James Peebles Interview: Conversations with History; Institute of International Studies, UC Berkeley
Page 7 of 7
Where do you see the most exciting problems down the road for this field, and what body of theories, which would then have to be confirmed, will be most instrumental in pointing the way?
It's always controversial. Different people have very different opinions. Some will say cosmology is getting dull, we've answered the main questions, but I don't understand why they say that. Well, perhaps I do. We have answered some big questions: Is dark energy really there? Yes. Is dark matter there? Yes. But what are these things? And so, we have right in our face, up close, big, open questions. Will we be able to answer them? Time only will tell.

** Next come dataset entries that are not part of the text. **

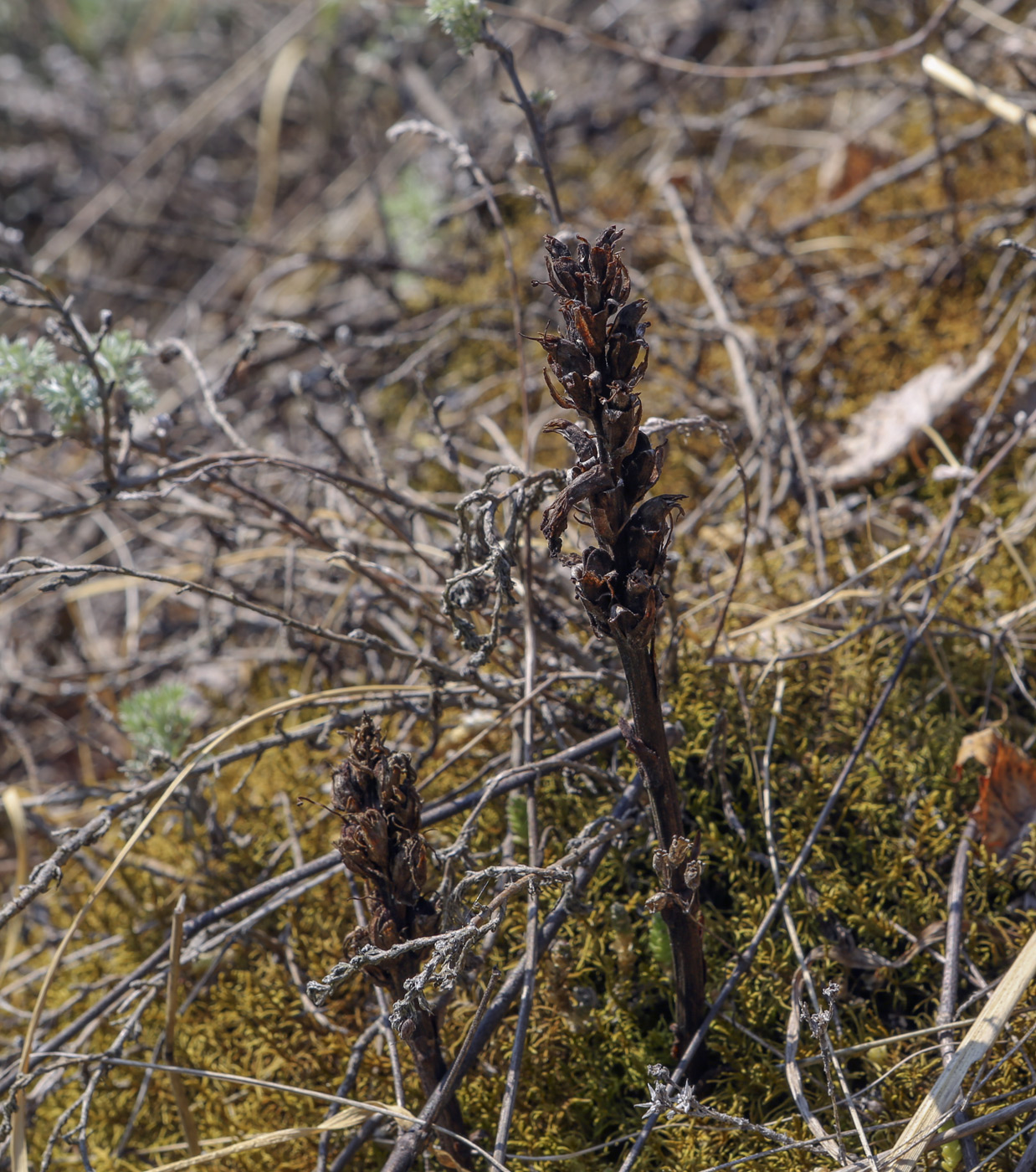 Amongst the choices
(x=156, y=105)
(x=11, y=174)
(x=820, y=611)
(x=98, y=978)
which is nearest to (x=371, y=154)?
(x=156, y=105)

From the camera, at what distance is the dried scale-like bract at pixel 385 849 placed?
1.20 m

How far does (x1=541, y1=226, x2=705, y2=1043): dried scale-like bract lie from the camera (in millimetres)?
1025

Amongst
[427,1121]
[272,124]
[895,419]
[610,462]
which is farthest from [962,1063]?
[272,124]

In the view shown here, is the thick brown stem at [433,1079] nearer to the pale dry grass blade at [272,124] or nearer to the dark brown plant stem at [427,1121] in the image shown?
→ the dark brown plant stem at [427,1121]

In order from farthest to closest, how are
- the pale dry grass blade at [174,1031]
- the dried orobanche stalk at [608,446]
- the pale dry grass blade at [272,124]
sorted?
the pale dry grass blade at [272,124]
the pale dry grass blade at [174,1031]
the dried orobanche stalk at [608,446]

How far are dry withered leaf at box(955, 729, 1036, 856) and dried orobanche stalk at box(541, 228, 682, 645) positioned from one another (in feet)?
2.81

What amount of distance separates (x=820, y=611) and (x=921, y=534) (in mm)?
330

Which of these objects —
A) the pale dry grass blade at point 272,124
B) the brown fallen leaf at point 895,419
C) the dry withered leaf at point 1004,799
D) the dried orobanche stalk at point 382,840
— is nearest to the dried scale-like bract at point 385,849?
the dried orobanche stalk at point 382,840

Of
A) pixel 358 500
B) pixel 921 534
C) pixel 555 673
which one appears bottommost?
pixel 555 673

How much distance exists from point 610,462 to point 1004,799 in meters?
1.05

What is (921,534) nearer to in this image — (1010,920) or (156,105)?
(1010,920)

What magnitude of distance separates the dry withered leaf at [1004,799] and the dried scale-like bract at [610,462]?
2.42 ft

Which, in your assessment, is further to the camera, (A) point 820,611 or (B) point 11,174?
(B) point 11,174

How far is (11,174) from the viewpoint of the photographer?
14.3 ft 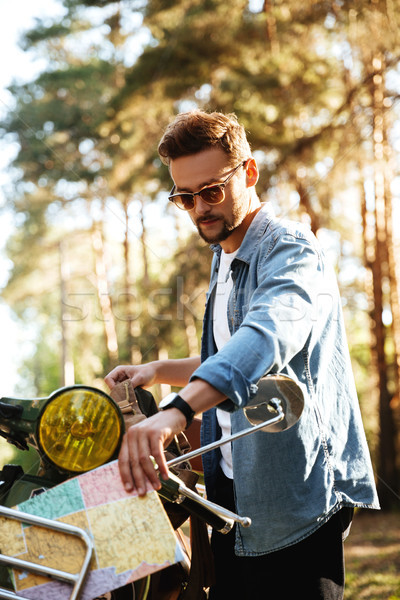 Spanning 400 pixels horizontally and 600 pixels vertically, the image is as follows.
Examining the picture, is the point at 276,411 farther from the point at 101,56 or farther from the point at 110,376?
the point at 101,56

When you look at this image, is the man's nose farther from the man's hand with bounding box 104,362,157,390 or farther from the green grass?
the green grass

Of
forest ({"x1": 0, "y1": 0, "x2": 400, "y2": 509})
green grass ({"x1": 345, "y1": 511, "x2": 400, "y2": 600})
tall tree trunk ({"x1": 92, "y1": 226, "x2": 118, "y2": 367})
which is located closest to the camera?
green grass ({"x1": 345, "y1": 511, "x2": 400, "y2": 600})

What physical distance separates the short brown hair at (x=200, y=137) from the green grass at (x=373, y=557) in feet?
17.3

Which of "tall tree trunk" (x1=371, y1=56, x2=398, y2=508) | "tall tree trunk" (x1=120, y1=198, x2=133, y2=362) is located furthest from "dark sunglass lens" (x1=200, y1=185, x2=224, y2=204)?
"tall tree trunk" (x1=120, y1=198, x2=133, y2=362)

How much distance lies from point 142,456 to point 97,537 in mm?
184

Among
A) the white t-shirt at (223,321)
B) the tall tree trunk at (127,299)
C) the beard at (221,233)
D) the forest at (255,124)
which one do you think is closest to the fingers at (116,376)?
the white t-shirt at (223,321)

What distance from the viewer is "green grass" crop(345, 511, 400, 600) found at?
6621 millimetres

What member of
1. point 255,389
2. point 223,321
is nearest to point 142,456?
point 255,389

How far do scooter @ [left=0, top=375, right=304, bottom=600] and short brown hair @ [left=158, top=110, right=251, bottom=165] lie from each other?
0.96m

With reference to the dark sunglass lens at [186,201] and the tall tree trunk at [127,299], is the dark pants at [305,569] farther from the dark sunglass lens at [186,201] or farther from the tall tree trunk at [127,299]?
the tall tree trunk at [127,299]

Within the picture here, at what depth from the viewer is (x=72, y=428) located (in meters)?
1.31

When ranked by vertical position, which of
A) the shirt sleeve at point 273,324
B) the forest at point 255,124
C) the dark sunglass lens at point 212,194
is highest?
the forest at point 255,124

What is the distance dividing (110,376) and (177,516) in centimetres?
53

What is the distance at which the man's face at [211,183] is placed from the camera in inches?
80.7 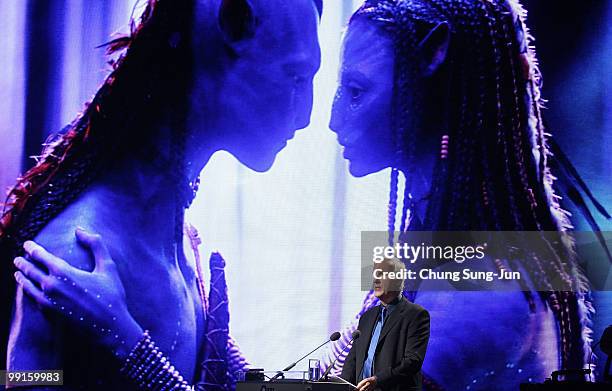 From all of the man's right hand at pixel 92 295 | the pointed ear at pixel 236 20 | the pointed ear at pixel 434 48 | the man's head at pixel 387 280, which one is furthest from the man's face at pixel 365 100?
the man's right hand at pixel 92 295

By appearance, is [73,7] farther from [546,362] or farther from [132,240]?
[546,362]

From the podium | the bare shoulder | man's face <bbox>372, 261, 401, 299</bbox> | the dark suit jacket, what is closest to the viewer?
the podium

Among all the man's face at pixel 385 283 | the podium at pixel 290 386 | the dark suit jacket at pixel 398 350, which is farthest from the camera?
the man's face at pixel 385 283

Of course, there are other directions to go, and they are not necessarily along the directions we've been following. For example -- we think we're so smart, we understand galaxies. We don't understand our own galaxy! Astronomers are starting to turn back. There was somewhat of an imbalance in astronomy in the past decade or so that the astronomy of the nearby universe was neglected in favor of the glamour of looking out to the edge of the universe. There are definitely fads. They operate in clothing styles and they operate in science. The cosmology of the nearby universe, the science of the universe as studied by nearby objects, was neglected. In particular, our galaxy has been neglected. Shameful. We live here, we ought to look into it a little. It has lots of fascinating properties that will teach us about how it formed -- is teaching us about how it's formed. These lessons are just being taught to us now.

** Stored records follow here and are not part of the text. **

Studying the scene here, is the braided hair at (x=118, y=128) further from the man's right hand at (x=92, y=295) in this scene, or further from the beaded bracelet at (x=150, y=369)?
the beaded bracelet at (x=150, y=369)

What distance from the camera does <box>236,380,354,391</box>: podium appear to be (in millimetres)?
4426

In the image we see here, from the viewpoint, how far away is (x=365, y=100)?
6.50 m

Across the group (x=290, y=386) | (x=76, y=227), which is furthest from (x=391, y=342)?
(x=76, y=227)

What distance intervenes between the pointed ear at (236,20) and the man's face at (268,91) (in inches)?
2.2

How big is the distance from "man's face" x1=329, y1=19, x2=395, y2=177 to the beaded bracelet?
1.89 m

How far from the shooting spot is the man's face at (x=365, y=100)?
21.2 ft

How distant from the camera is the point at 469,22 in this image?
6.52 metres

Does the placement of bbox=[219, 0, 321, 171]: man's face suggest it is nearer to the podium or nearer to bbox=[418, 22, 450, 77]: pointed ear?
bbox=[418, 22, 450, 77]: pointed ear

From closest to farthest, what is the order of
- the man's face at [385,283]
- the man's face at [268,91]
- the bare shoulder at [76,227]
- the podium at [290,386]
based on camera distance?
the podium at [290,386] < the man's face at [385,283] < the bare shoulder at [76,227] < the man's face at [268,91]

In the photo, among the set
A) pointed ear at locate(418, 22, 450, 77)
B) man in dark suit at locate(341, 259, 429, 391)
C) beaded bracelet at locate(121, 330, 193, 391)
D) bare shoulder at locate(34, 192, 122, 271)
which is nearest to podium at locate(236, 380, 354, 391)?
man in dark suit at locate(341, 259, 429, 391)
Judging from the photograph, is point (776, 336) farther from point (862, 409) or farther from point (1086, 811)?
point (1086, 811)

So, very clearly, in the next ten years there's going to be a lot more work on nearby galaxies, studying in detail their properties and teasing out hints to how they formed, which of course is what we attempt to understand when we look at distant galaxies seen in the past as they were forming. Clearly that's going to be a big activity. Finding nearby planetary systems -- fascinating! Finding out if any of those planetary systems contain terrestrial planets -- wow! Is there oxygen on any of them? How could you resist looking?
Styles change because, in part, technology solves one set of problems, opens up others; or maybe they're so difficult that you would turn instead to areas you've neglected. One thing about astronomy, we're in no danger of running out of things to look at. It's a big universe.

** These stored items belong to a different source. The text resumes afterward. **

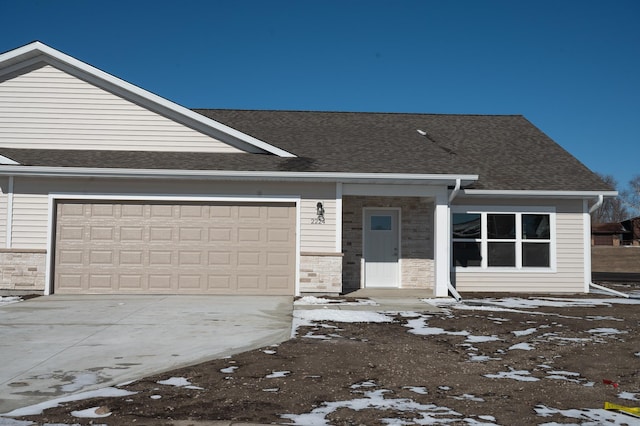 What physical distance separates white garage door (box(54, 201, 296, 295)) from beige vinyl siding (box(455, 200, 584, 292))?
5.06 metres

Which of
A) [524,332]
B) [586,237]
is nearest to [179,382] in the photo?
[524,332]

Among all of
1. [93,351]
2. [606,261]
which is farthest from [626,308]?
[606,261]

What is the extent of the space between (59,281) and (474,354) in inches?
A: 389

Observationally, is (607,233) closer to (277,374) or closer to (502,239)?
(502,239)

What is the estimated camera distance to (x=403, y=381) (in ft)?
20.2

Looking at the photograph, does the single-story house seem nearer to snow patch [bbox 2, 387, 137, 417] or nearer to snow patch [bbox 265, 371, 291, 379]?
snow patch [bbox 265, 371, 291, 379]

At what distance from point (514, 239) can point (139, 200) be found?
9.56 meters

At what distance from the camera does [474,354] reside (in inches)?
299

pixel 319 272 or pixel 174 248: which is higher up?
pixel 174 248

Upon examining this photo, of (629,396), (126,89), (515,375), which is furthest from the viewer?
(126,89)

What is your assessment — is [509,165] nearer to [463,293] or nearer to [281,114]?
[463,293]

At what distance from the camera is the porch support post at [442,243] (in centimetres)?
1394

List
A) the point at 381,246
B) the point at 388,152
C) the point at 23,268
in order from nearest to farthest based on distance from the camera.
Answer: the point at 23,268 → the point at 388,152 → the point at 381,246

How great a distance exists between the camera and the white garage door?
44.1 ft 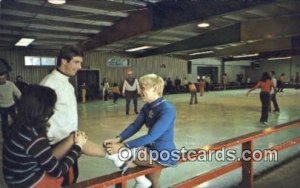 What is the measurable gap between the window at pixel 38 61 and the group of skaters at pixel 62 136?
56.2 feet

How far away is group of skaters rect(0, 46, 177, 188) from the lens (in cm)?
176

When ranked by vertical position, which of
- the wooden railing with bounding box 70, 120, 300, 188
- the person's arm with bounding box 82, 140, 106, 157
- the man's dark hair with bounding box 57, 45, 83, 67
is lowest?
the wooden railing with bounding box 70, 120, 300, 188

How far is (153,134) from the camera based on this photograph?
7.59ft

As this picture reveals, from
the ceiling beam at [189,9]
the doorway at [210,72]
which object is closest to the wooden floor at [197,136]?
the ceiling beam at [189,9]

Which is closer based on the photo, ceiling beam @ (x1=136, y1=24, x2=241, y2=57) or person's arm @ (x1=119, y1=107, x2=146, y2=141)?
person's arm @ (x1=119, y1=107, x2=146, y2=141)

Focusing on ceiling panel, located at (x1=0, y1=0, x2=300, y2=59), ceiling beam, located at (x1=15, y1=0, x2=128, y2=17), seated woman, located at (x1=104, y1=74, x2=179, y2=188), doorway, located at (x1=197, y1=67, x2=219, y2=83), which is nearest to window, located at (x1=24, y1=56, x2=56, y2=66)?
ceiling panel, located at (x1=0, y1=0, x2=300, y2=59)

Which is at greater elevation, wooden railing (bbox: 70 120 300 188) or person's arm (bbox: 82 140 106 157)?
person's arm (bbox: 82 140 106 157)

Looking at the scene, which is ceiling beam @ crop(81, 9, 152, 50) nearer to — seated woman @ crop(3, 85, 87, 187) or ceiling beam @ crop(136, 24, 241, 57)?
ceiling beam @ crop(136, 24, 241, 57)

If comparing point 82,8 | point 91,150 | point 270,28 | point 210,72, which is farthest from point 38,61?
point 91,150

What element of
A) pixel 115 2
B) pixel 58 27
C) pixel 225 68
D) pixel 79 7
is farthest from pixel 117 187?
pixel 225 68

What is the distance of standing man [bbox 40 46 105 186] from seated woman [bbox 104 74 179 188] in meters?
0.27

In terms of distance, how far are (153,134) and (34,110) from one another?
891 mm

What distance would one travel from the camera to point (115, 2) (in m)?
8.75

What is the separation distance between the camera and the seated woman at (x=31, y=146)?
175 cm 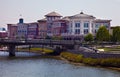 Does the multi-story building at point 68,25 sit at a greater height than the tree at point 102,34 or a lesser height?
greater

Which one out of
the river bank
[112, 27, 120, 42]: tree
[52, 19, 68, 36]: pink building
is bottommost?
the river bank

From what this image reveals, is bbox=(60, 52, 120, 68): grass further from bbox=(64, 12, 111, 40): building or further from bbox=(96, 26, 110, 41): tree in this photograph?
bbox=(64, 12, 111, 40): building

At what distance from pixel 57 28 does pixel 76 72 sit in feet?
280

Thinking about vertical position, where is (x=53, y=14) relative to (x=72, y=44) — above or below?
above

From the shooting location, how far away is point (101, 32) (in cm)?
10006

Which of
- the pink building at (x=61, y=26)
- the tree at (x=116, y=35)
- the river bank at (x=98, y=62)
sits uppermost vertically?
the pink building at (x=61, y=26)

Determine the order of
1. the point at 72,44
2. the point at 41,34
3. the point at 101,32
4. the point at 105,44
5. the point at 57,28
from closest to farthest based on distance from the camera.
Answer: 1. the point at 72,44
2. the point at 105,44
3. the point at 101,32
4. the point at 57,28
5. the point at 41,34

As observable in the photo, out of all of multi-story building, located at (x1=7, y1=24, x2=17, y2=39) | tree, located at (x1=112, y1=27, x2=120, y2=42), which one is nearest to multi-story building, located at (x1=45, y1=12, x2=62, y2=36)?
multi-story building, located at (x1=7, y1=24, x2=17, y2=39)

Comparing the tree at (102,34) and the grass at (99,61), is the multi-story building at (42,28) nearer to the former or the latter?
the tree at (102,34)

What about bodies of theory that might be brought to bear on problems in other areas of physical science?
I am particularly taken with the puzzle of the body of theory of the dark sector, so called dark matter, dark energy. We pause to consider that in our sector, you and I and the things we can see readily that interact with light, we have a set of laws of physics that are wonderfully simple. They're not all that simple but you can write down the basic laws of physics on a couple of sheets of paper. Its expression is spectacularly complicated. As far as we know, you operate according to the laws of physics, at least to a good approximation to the known laws of physics. You are a spectacularly complex expression of a simple set of laws.
In the dark sector, the laws of physics as we now postulate them are so amazingly simple that their expression is simple. They're dull. The dark matter piles up into what we call massive halos, the stuff that envelopes each galaxy. The dark energy just sits there, doesn't do much of anything at all. Is that really the way it is, or is it the simplest, most ridiculously idealistic approximation we could get away with at our present level of knowledge? I emotionally reject that. It's strictly emotional. I say, I bet you there's a whole body of physics to be discovered that will describe the behavior of this dark sector. Call again in twenty-five years and see whether I was right!
I'm interested in that "emotionally." Let's clarify that. It's a hunch based upon where you've been, what you've seen, what you've thought. Help me understand that.
Well, let's face it, I'm asking myself, "Have I worked myself out of a job? Has the science of cosmology come to an end?" By emotional, I really meant, oh my goodness, fear -- but perhaps over-exaggerated. Emotion, yeah -- I want the universe to be more complicated than it is, more interesting. That's an emotion, it's a hope, a longing.
It's an explanation of what drives that emotion. And it makes sense.
I hope so.
Isn't that key to the enterprise?
I hope so.
One final question. If students are grabbed by the discussion of your career and of these sets of problems, how would you urge them to prepare for their future in this field, build the groundwork, so to speak?
I have no idea. I have no idea. Work hard, do your homework, but keep interested in the world around you.
And it sounds like, "build things" too, in your particular field.
Yes, yes. Of course, each scientist is different. Some people build things a lot, others don't. Others have never touched a hammer. No, there're no universal rules that I know of aside from do your homework but don't get locked up in your homework. I guess that's the real trick, isn't it? Because when we teach students in university we set them exams in which the problems are totally artificial, because these are problems that have solutions. Nothing you do in research has a non-solution. If it had a non-solution you wouldn't be doing it. So, we teach these students the wrong thing. It often puzzles me: Why are we doing it that way? The only answer I know is, we don't know a better way. But the real trick for a developing scientist, I believe, is not to get locked into being totally adept at answering already solved problems. Treat them as what they are meant to be, practice. Keep your mind ready to address the unknown.
On that note, Jim, I want to thank you for taking the time to have this conversation and share your intellectual odyssey with us.
It has been a pleasure.
And thank you very much for joining us for this Conversation with History.